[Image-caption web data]
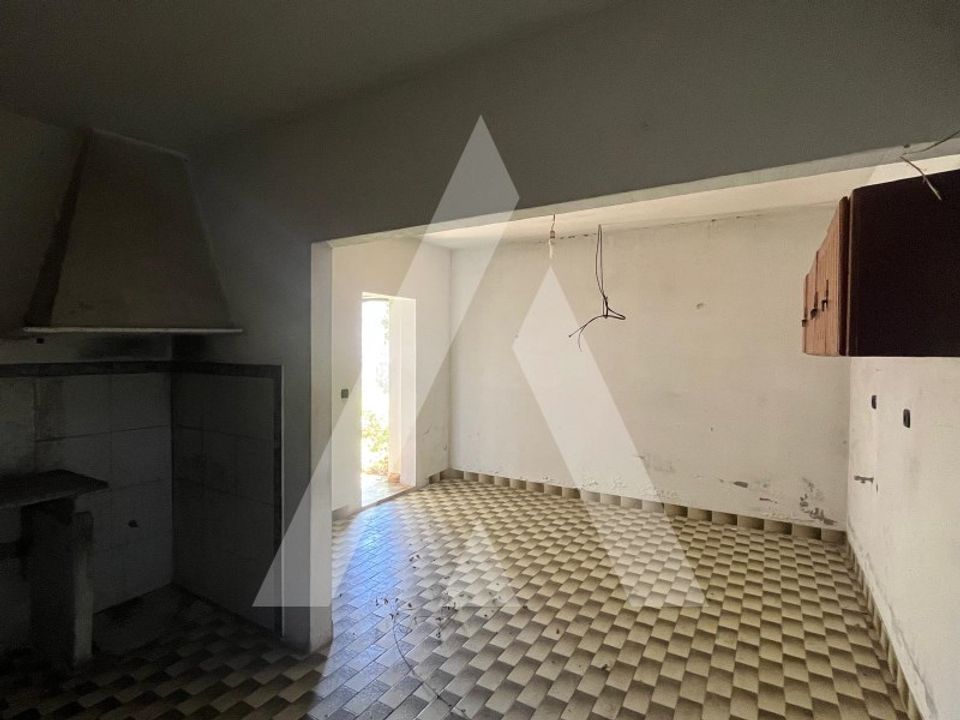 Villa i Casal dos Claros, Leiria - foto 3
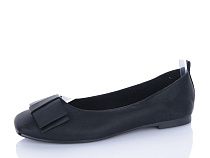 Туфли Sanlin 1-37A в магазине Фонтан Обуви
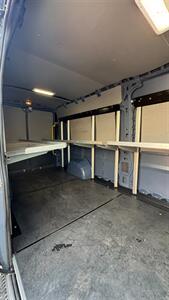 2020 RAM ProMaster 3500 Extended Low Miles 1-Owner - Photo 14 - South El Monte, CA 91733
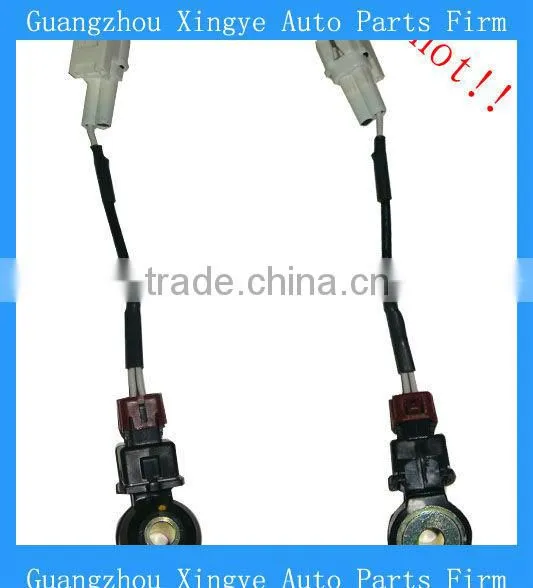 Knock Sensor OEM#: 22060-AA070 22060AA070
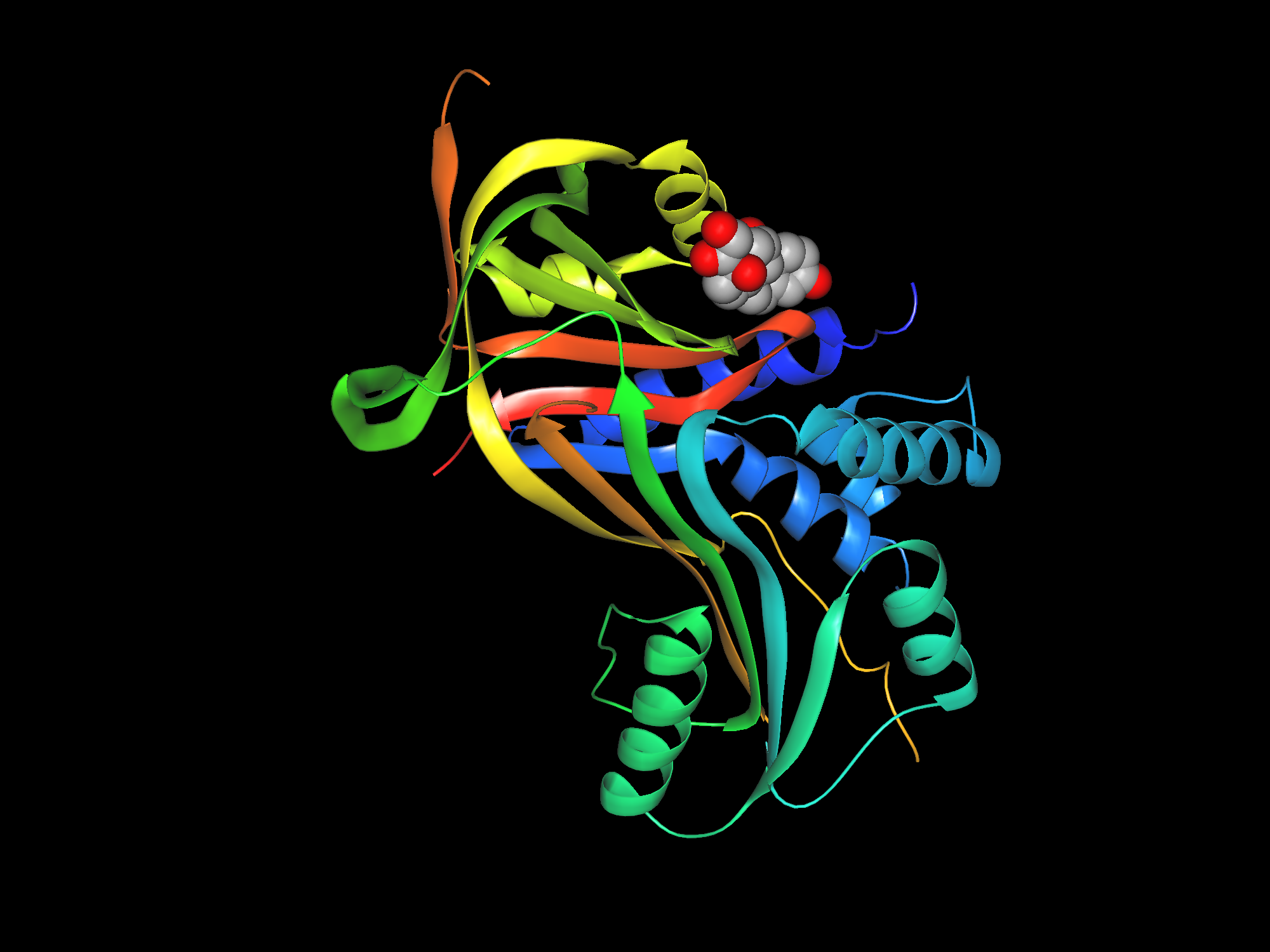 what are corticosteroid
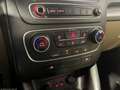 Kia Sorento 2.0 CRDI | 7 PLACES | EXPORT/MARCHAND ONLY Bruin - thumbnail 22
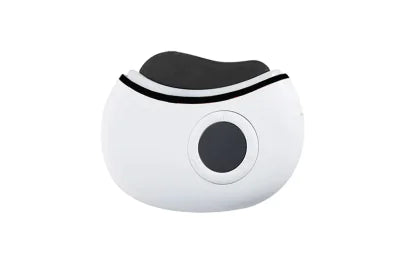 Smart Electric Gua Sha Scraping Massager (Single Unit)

YOUR TASK: Output the data exactly as it appears. The pictures do not belong in it.

RESULT FOR THIS TASK:
 Villa i Casal dos Claros, Leiria - foto 3
 Туфли Sanlin 1-37A в магазине Фонтан Обуви
 2020 RAM ProMaster 3500 Extended Low Miles 1-Owner - Photo 14 - South El Monte, CA 91733
 Knock Sensor OEM#: 22060-AA070 22060AA070
 what are corticosteroid
 Kia Sorento 2.0 CRDI | 7 PLACES | EXPORT/MARCHAND ONLY Bruin - thumbnail 22
 Smart Electric Gua Sha Scraping Massager (Single Unit)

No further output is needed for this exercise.